Pink Sheet – US FDA Seeks Ways To Prevent Non-Responders From Sinking Tissue-Agnostic Indications

Executive Summary

Agency officials and oncologists debate considerations where a data package overwhelms non-responders in favor of a tissue-agnostic indication.

Sponsors may be able to obtain a tissue-agnostic indication despite failing to show a response in one tumor type as the US Food and Drug Administration intends to remain flexible with its approval requirements.

 

The FDA seems willing to look past a lack of response in one histology, if success is seen in several others among enough patients. Tatiana Prowell, scientific lead for breast cancer in the FDA’s Office of Hematology and Oncology Products, as well as assistant professor of oncology in the Johns Hopkins Breast Cancer Program, said the agency many be willing to retain non-responding subgroups in the indication under certain circumstances.

 

“It gets to this issue of how big is the denominator. What’s your fraction look like,” Prowell said during a workshop on development of tissue-agnostic, biomarker-based indications sponsored by the FDA, Friends of Cancer Research and American Society of Clinical Oncology.

 

“I think if you have a histology where you don’t see responses with a limited number of patients in that subgroup, but you have a large number of histologies represented, it gives you greater confidence that maybe we don’t want to carve that out and have that as a limitation of use for example, or include language in the label suggesting that those patients don’t benefit, recognizing that that has real implications for access and reimbursement,” Prowell added.

 

The goal of the workshop, which solicited opinions from oncologists, regulators, patient advocates and others, was in part to gather input on the FDA’s approaches to reviewing applications for products seeking tissue-agnostic indications.

 

Indeed, some cancer treatments expected to be tissue-agnostic have run into problems with efficacy not equal across tumor location. Roche found during a trial that its BRAF inhibitor Zelboraf (vemurafenib) that tumor histology was important in determining the response in BRAF V600-mutated cancers. (Also see “Tissue-Agnostic Approach To Cancer Drug Development Takes A Hit” – Pink Sheet, 14 Sep, 2015.) A study of Puma Biotechnology Inc.’s pan-HER inhibitor neratinib also found efficacy only in some kinds of cancer with HER2-activating mutations. (Also see “Puma’s Neratinib SUMMIT Study Shows Potential & Pitfalls Of Precision Medicine” – Pink Sheet, 2 Apr, 2017.)

We’ll Never Understand All Non-Responders, Oncologist Says

Agency officials said throughout the workshop that they will consider the totality of evidence when determining whether to grant a tissue-agnostic indication.
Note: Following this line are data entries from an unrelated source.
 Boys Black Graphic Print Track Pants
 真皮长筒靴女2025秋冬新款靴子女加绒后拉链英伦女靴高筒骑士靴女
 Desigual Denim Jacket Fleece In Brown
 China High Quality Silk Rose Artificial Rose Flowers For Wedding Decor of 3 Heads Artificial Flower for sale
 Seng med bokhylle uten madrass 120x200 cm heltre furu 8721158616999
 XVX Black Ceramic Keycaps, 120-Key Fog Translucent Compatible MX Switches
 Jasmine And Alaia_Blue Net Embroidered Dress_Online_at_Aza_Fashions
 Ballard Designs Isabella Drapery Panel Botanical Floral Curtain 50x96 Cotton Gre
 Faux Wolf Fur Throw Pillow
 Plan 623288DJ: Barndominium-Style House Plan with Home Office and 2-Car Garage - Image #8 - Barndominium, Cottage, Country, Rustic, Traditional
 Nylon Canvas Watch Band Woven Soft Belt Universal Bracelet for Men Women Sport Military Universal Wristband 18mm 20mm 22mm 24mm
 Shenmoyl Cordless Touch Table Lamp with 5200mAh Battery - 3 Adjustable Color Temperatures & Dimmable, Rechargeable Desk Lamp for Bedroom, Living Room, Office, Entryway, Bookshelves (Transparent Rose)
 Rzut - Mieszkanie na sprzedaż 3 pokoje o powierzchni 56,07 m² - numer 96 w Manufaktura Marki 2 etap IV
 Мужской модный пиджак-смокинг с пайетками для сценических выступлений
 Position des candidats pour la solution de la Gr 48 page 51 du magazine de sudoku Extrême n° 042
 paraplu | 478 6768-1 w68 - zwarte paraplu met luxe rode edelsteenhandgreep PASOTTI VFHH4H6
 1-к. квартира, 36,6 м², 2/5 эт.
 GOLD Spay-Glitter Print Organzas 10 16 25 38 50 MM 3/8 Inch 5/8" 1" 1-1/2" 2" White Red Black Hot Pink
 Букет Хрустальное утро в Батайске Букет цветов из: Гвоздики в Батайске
But the question of how or whether to approve a tissue-agnostic indication when some patients subgroups did not respond seemed vexing.

 

Theodore Laetsch, a pediatric oncologist at the University of Texas Southwestern Medical Center, said when there is enough data suggesting a tissue-agnostic response, the agency should need more than a few non-responders to dispute it. He also reminded the room that determining the cause of the non-response will be difficult, if not impossible.

 

“It is important from a mechanistic standpoint to define why patients don’t respond, but I don’t believe there’s ever been a drug that we’ve been able to define why every single patient that didn’t respond didn’t respond,” Laetsch said. “That should be our goal as academicians to understand that better and to better enable patient selection, but I do think that’s also not going to be really possible for every patient.”

 

Vivek Subbiah, clinical medical director in the MD Anderson Cancer Center’s Center for Targeted Therapy, said pre-clinical or early clinical work may help avoid non-responder problems.

 

“In the early studies that we see resistant tumors, we can exclude those tumors,” Subbiah said.

 

The FDA also can use postmarket experience to police the validity of tissue-agnostic indications. Agency officials said during the workshop that real-world evidence could inform indication carve-outs or move products from tissue-specific to tissue-agnostic indications. (See sidebar.)

 

The agency has approved tissue-agnostic labeling for two products so far, which allow for the product to be used for a specific form of cancer no matter where it appears in the body. The first, Merck & Co. Inc.’s Keytruda (pembrolizumab), gained the distinction as a supplemental indication in 2017. (Also see “Biomarker-Led Claim Is Small Step For Merck’s Keytruda, Giant Leap For Cancer Indications” – Pink Sheet, 23 May, 2017.)

 

Loxo Oncology Inc. and Bayer AG gained the second tissue-agnostic approval – the first of a novel product  prospectively developed for that purpose – for Vitrakvi (larotrectinib) in 2018. (Also see “Vitrakvi, Daurismo Approvals Put US FDA On Brink Of Another Record ” – Pink Sheet, 27 Nov, 2018.)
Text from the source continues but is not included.